LISTED RECORDS>
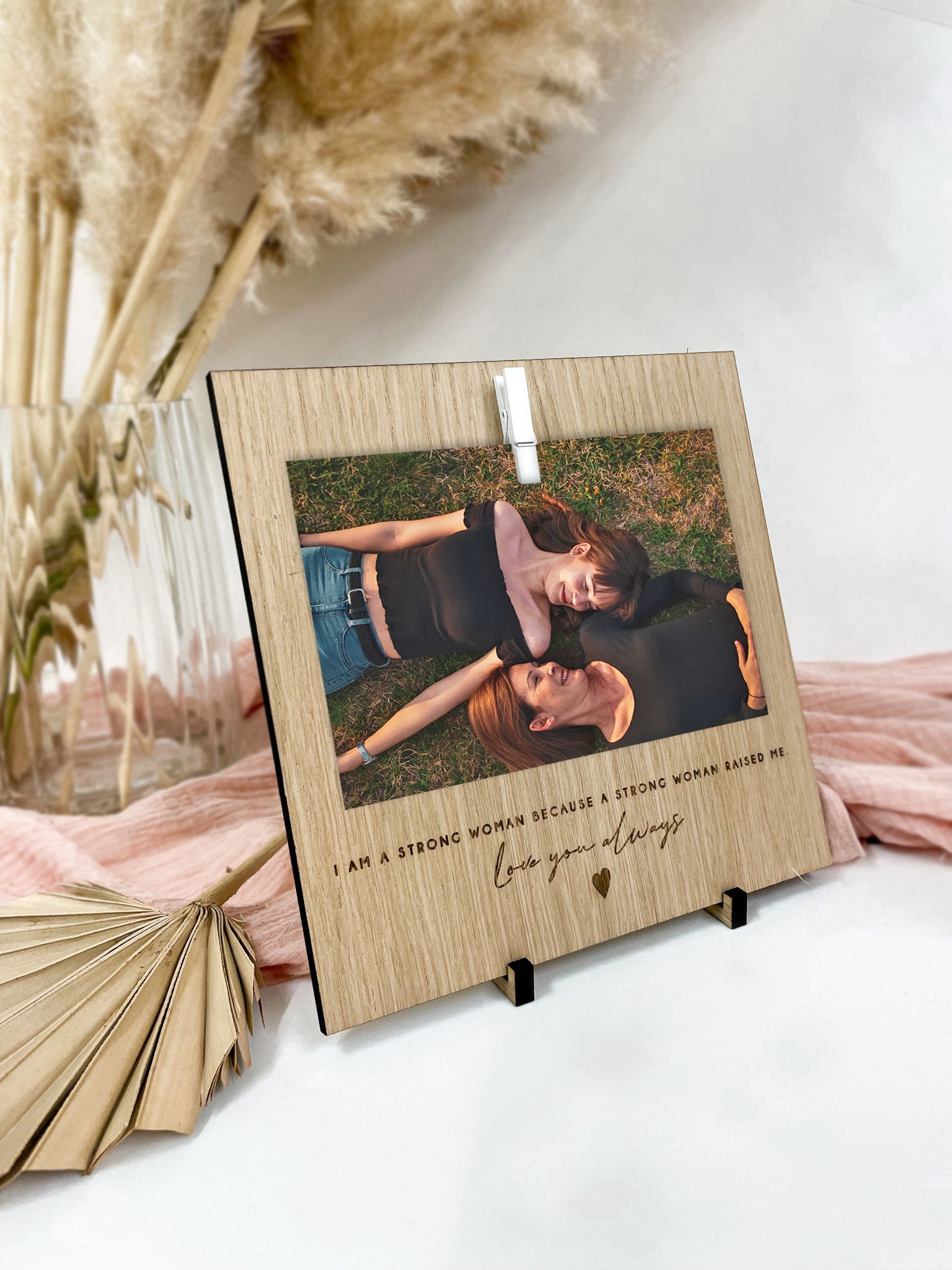 Mother's Day Photo Frame Peg Plaque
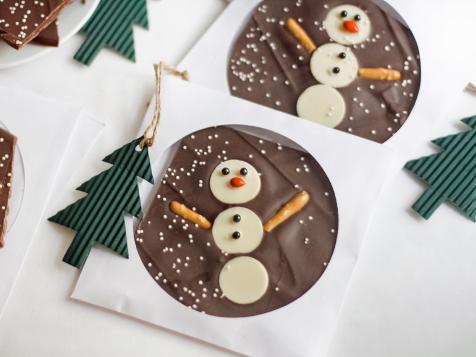 Homemade Treat: Snowman Chocolate Bark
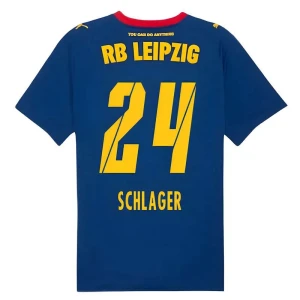 RB Leipzig Koszulka Piłkarska 2025-26 Schlager #24 Wyjazdowa Męska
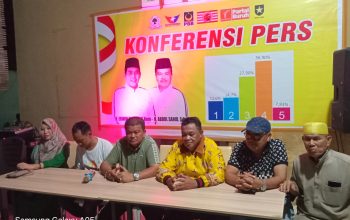 Erwin-Sahid Unggul di Real Count Pilkada Parigi Moutong: Gelar Konferensi Pers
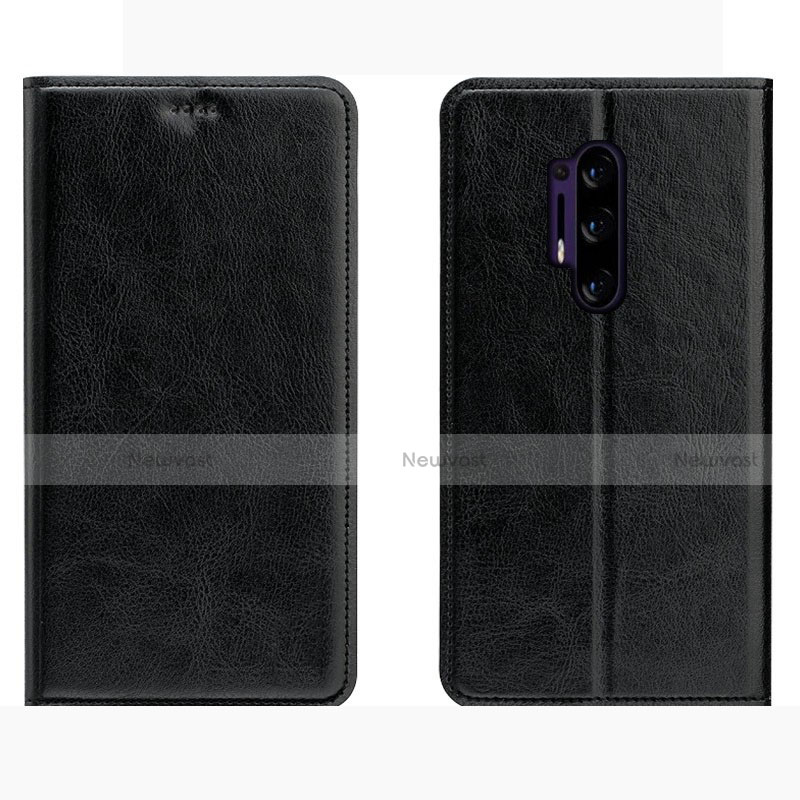 Leather Case Stands Flip Cover L01 Holder for OnePlus 8 Pro Black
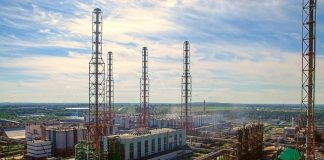 Ukrainian drones hit Uralchem chemical plant again« Chemical plant after drone attack in Kirovo-Chepetsk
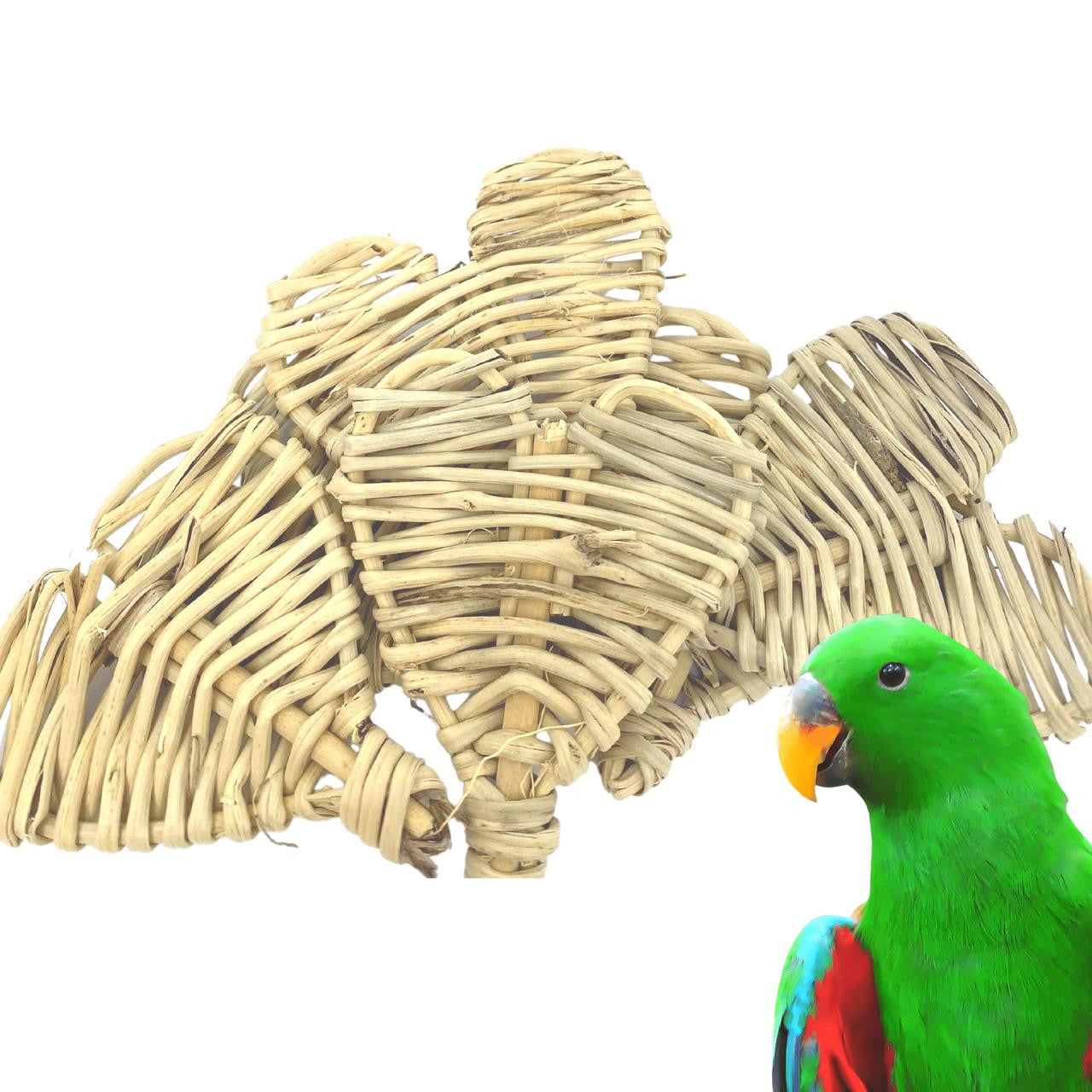 Bonka Bird Toys 1301 Pk6 Small Natural Vine Heart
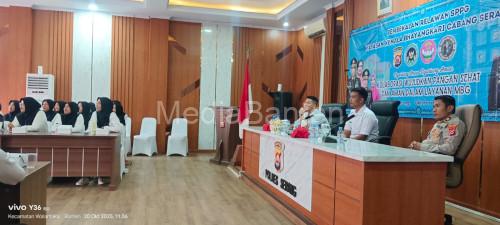 Pembekalan relawan SPPG Polres Serang. foto: Yono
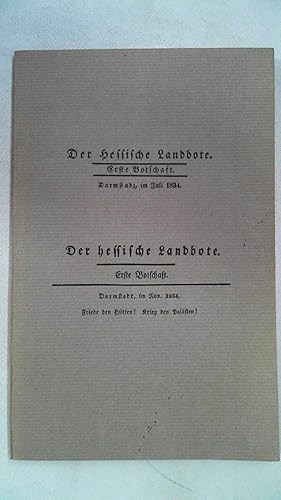 Immagine del venditore per Der hessische Landbote 1834, Neudruck beider Ausgaben mit einem Nachwort von Eckhart G. Franz. venduto da Antiquariat Maiwald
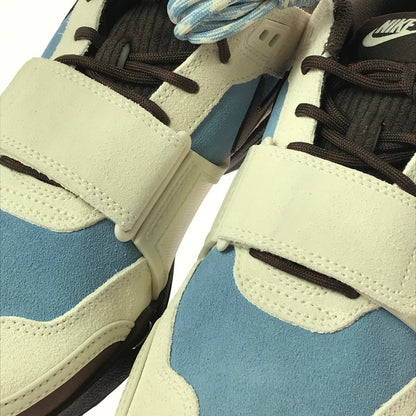 【中古美品】【メンズ】 NIKE ナイキ × TRAVIS SCOTT トラヴィススコット ZOOM FIELD JAXX HQ3072-400 ズーム フィールド ジャックス スニーカー 靴 160-260706-na-01-tagh サイズ：27.5cm US 9.5 カラー：LECHE BLUE/BAROQUE BROWN 万代Net店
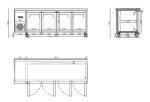 Commercial Counter Chiller Stainless Steel Refrigerator Kitchen Workbench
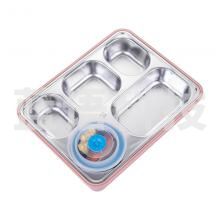 津御商厨YC-2Y加厚304不锈钢保温饭盒（带碗） 5套/组 成人餐盒白领便当盒 上班族快餐盒分格餐盘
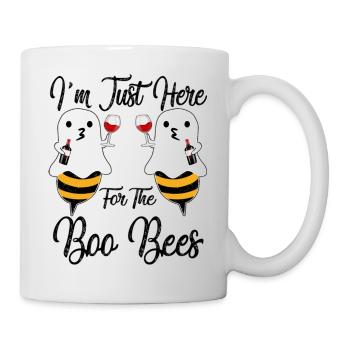 Halloween I’m Just Here For The Boo Bees Funny - Mug blanc - blanc - Droite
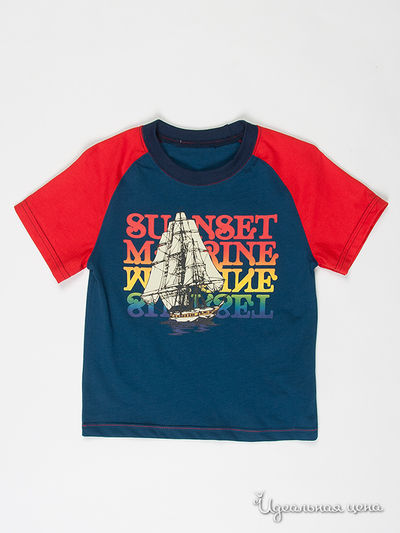 Футболка Figaro, цвет синий/красный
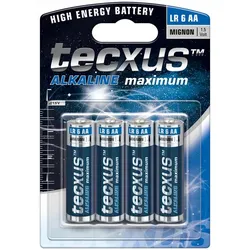 tecxus Batterien Alkaline Mignon AA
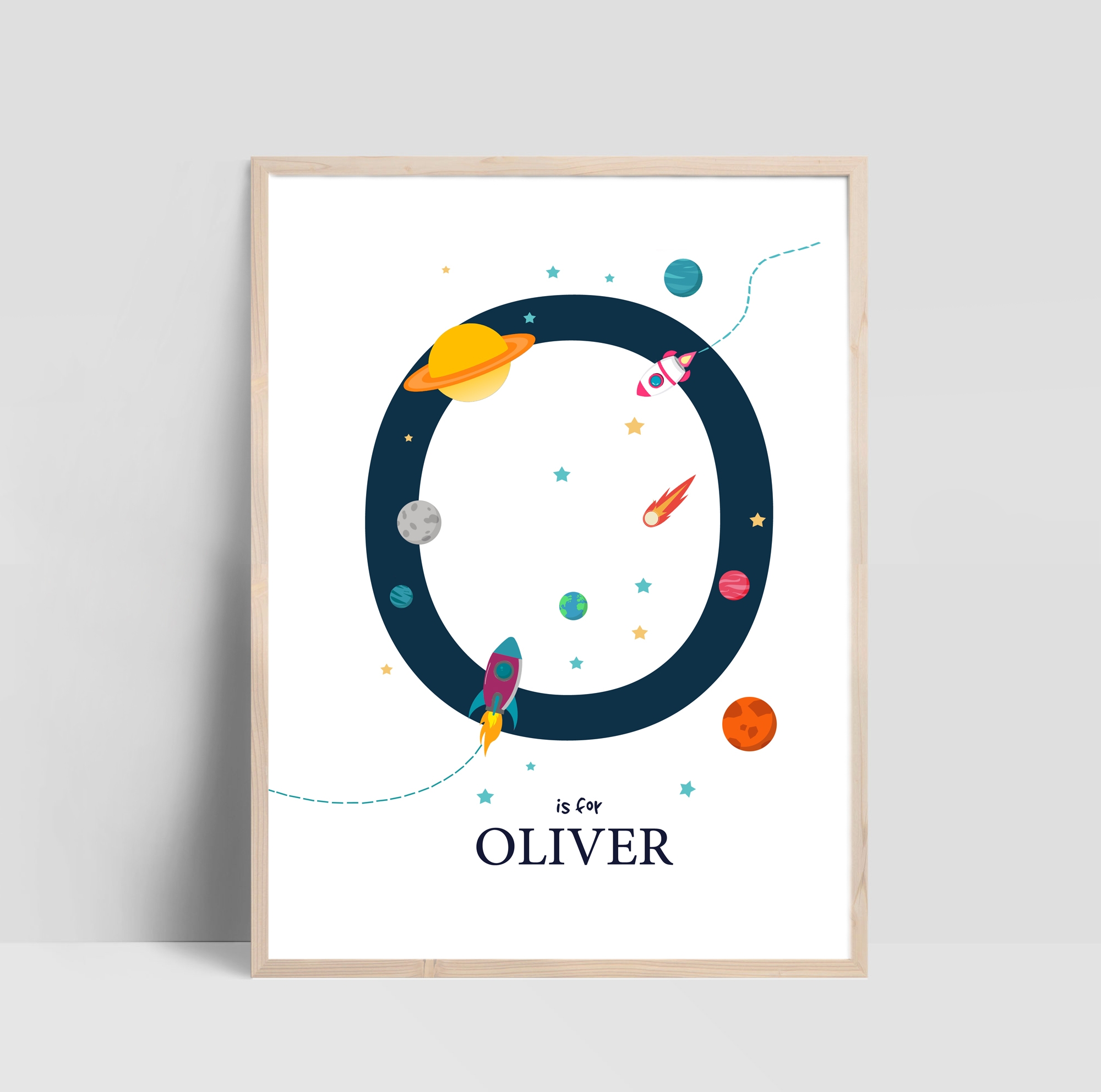 Poster - Raum / Benutzerdefinierter Text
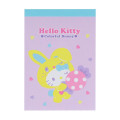 Japan Sanrio Mini Notepad - Bunny / Hello Kitty 50th Anniversary - 1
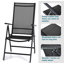 Fauteuil inclinable en métal pour l'extérieur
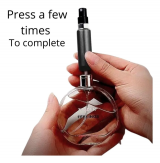 Mini Frasco Porta Perfume 8ml De Bolso Recarregvel Preto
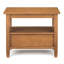 Warm Shaker - Table d'appoint étroite - Brun clair doré-121382029
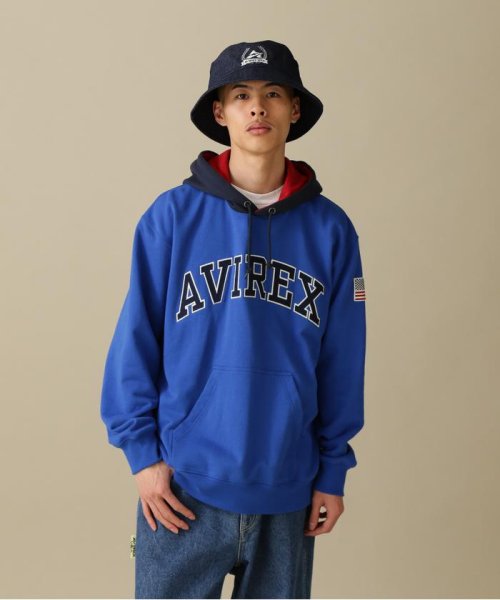 AVIREX(AVIREX)/ARCH LOGO COLOR HOOD L/S PARKA/アーチ ロゴ カラー フード パーカー/img69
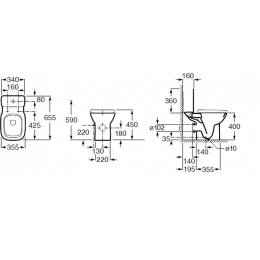 Чаша напольная Debba Roca горизонт. выпуск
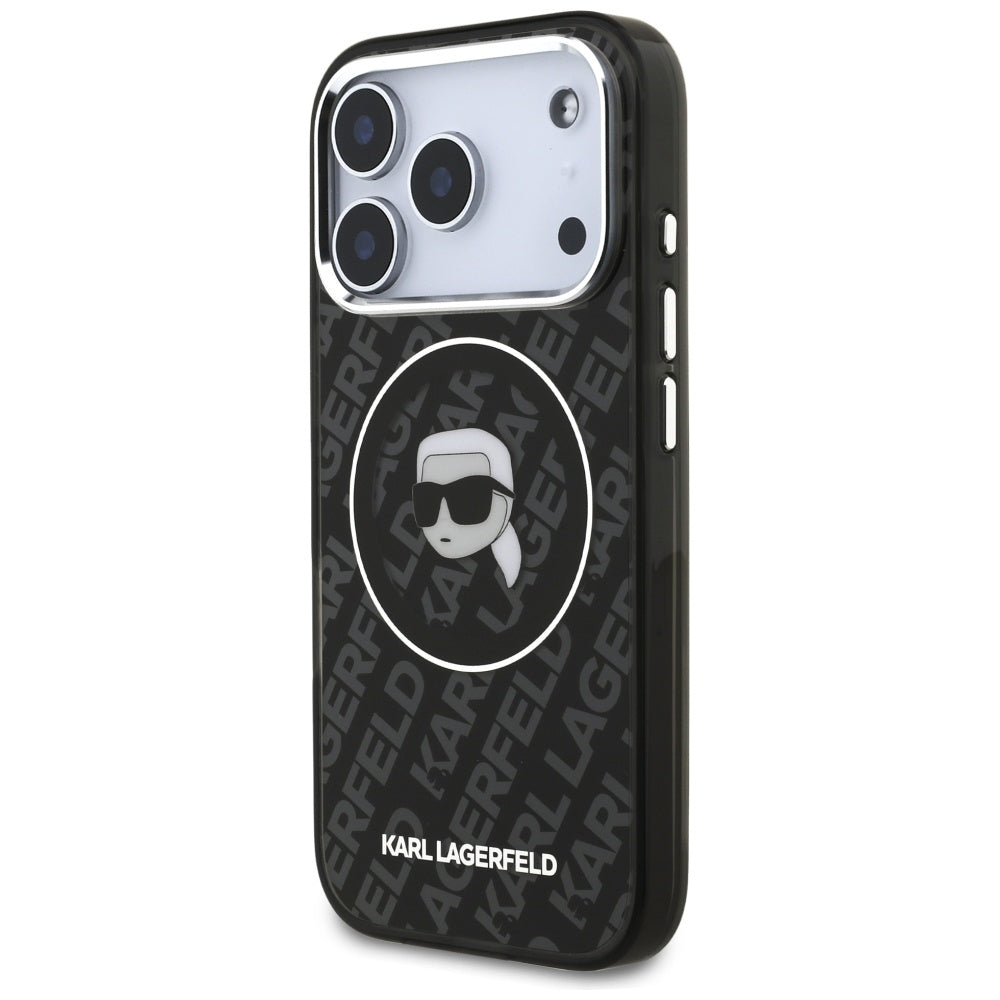 MagSafe-deksel for Apple iPhone 17 Pro, Karl Lagerfeld, IML Karl`s Head, Svart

TASK> Set every entry down again word for word, but not the pictures.

PROBLEM SOLUTION>
 Mother's Day Photo Frame Peg Plaque
 Homemade Treat: Snowman Chocolate Bark
 RB Leipzig Koszulka Piłkarska 2025-26 Schlager #24 Wyjazdowa Męska
 Erwin-Sahid Unggul di Real Count Pilkada Parigi Moutong: Gelar Konferensi Pers
 Leather Case Stands Flip Cover L01 Holder for OnePlus 8 Pro Black
 Ukrainian drones hit Uralchem chemical plant again« Chemical plant after drone attack in Kirovo-Chepetsk
 Bonka Bird Toys 1301 Pk6 Small Natural Vine Heart
 Pembekalan relawan SPPG Polres Serang. foto: Yono
 Immagine del venditore per Der hessische Landbote 1834, Neudruck beider Ausgaben mit einem Nachwort von Eckhart G. Franz. venduto da Antiquariat Maiwald
 【中古美品】【メンズ】 NIKE ナイキ × TRAVIS SCOTT トラヴィススコット ZOOM FIELD JAXX HQ3072-400 ズーム フィールド ジャックス スニーカー 靴 160-260706-na-01-tagh サイズ：27.5cm US 9.5 カラー：LECHE BLUE/BAROQUE BROWN 万代Net店
 Commercial Counter Chiller Stainless Steel Refrigerator Kitchen Workbench
 津御商厨YC-2Y加厚304不锈钢保温饭盒（带碗） 5套/组 成人餐盒白领便当盒 上班族快餐盒分格餐盘
 Halloween I’m Just Here For The Boo Bees Funny - Mug blanc - blanc - Droite
 Футболка Figaro, цвет синий/красный
 tecxus Batterien Alkaline Mignon AA
 Poster - Raum / Benutzerdefinierter Text
 Japan Sanrio Mini Notepad - Bunny / Hello Kitty 50th Anniversary - 1
 Fauteuil inclinable en métal pour l'extérieur
 Mini Frasco Porta Perfume 8ml De Bolso Recarregvel Preto
 Warm Shaker - Table d'appoint étroite - Brun clair doré-121382029
 AVIREX(AVIREX)/ARCH LOGO COLOR HOOD L/S PARKA/アーチ ロゴ カラー フード パーカー/img69
 Чаша напольная Debba Roca горизонт. выпуск
 MagSafe-deksel for Apple iPhone 17 Pro, Karl Lagerfeld, IML Karl`s Head, Svart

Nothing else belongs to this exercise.